Cuando los niños comienzan a recibir sus primeros billetes, es momento de enseñarles la importancia del ahorro y la necesidad de esforzarse para conseguir lo que desean.

Como enseñarle a tu hijo a ahorrar

La cultura del ahorro en las escuelas

Hasta mediados del siglo pasado, en la mayoría de las escuelas se impartían clases de economía doméstica y muchas lecturas inculcaban la importancia del ahorro. Luego, a partir de la década de 1960, tras los avances tecnológicos, los beneficios conseguidos gracias al modelo de "Estado Bienestar", etc., el consumo fue una prioridad para todos y el ahorro pasó a ser una cuestión de "viejos".

La importancia de enseñarles a los niños a ahorrar y administrar su economía
Cuando los niños comienzan a recibir dinero, o desarrollan pequeños trabajos en su tiempo libre, ya están en condiciones de tener sus propios ahorros.

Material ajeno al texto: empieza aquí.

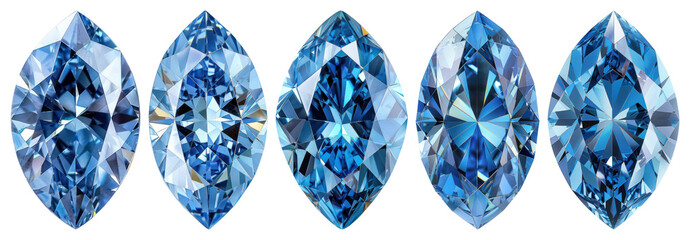 Wall Mural - Brilliant blue gemstones sparkle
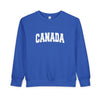 Canada Toddler Sweatshirt - Canada Toddler Crewneck Sweatshirt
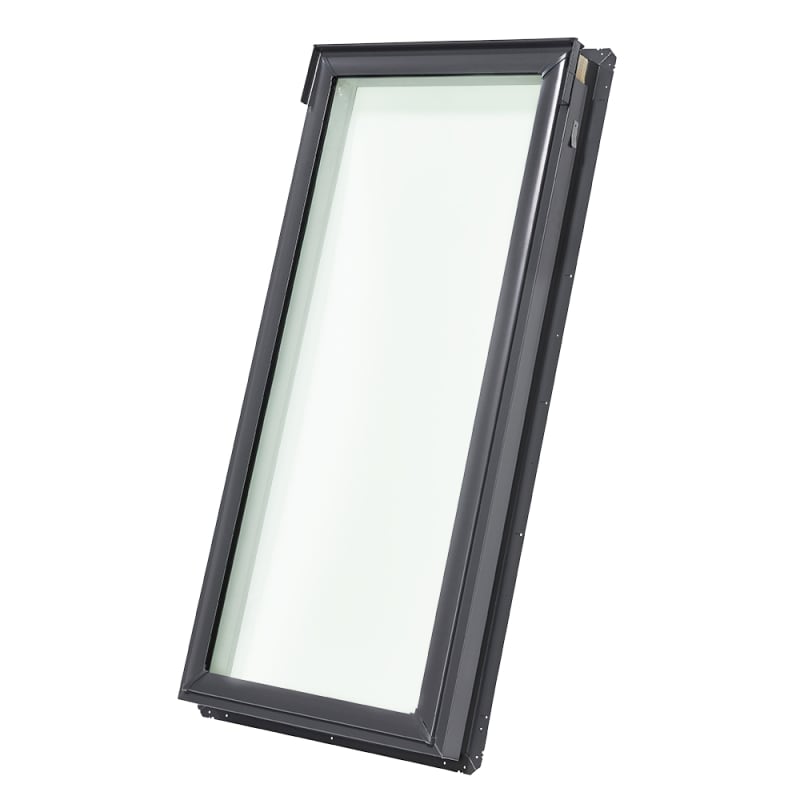 Fixed Skylights: VELUX Skylights 21 in. x 45-3/4 in. Fixed Deck-Mount Skylight with Laminated LowE3 Glass Grays FS C06 2004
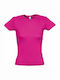 Sol's Miss Werbe-T-Shirt in Fuchsie Farbe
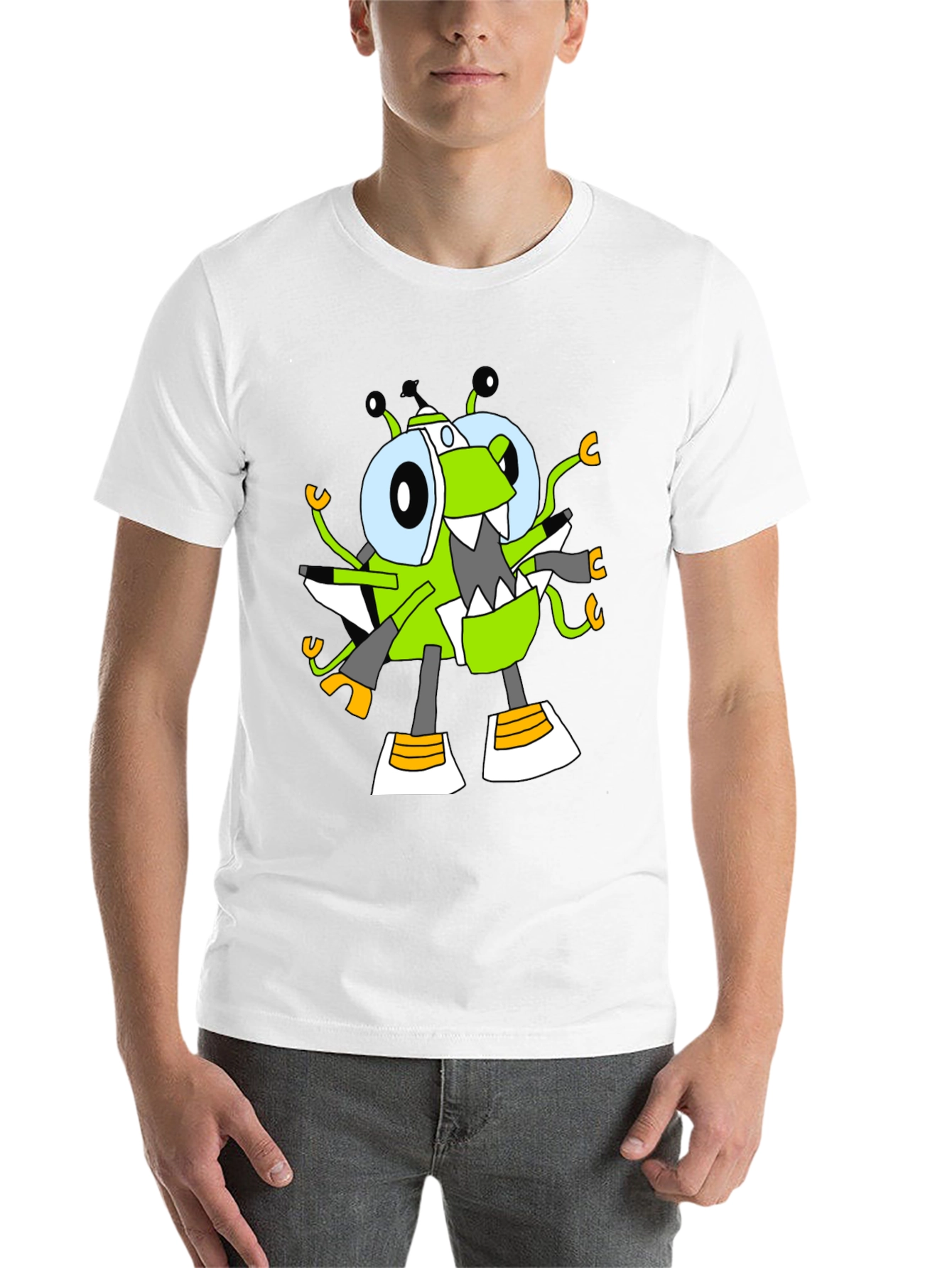Black Cartoon Character Graphic Tee view 14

Las sucesivas crisis internacionales nos demuestran que, incontestablemente, debemos interesar a nuestros hijos en una cultura de la previsión. Difícilmente ellos estén exentos de la movilidad laboral, del desempleo y de las crisis económicas cíclicas.

¿Tu hijo puede aprender a ahorrar?

Parece una pregunta casi sin sentido. Seguramente piensas que ya tendrá tiempo de aprenderlo solo, y es probable que tu hijo sea un consumidor compulsivo, por lo tanto, está muy lejos de sus aspiraciones guardar el dinero para más adelante.

Sin embargo, es esencial enseñarles a nuestros hijos la importancia del ahorro y la administración del dinero. Mañana serán padres de familia, tendrán obligaciones, o simplemente seguirán deseando consumir y no podrán extender la mano para que mamá provea.

Tu hijo tiene todo el tiempo delante de él y el ahorro es como una bola de nieve que crece. A partir del momento en que los niños comienzan a recibir dinero, o desarrollan pequeños trabajos en su tiempo libre (cortar el césped, realizar entregas, pintar una cerca...) ya están en condiciones de tener sus propios ahorros (por pequeños que sean) y obtener lo que desean con su propio esfuerzo. Si quieren una bicicleta, lo correcto no es ir a comprarla al instante. Lo ideal es (aunque los ayudemos a concretar su proyecto) promoverlos para que la compren con su propio esfuerzo ahorrando el dinero necesario.

La experiencia le servirá a tu hijo a comprender que el ahorro puede servir a adquirir bienes durables y que los proyectos se concretan a mediano y largo plazo.

Cuando tu hijo comience a comprender que el mejor camino para adquirir bienes es el ahorro y que el crédito es uno de los mayores obstáculos para una gestión sana de la economía, mejor administrará su presupuesto cuando sea padre de familia.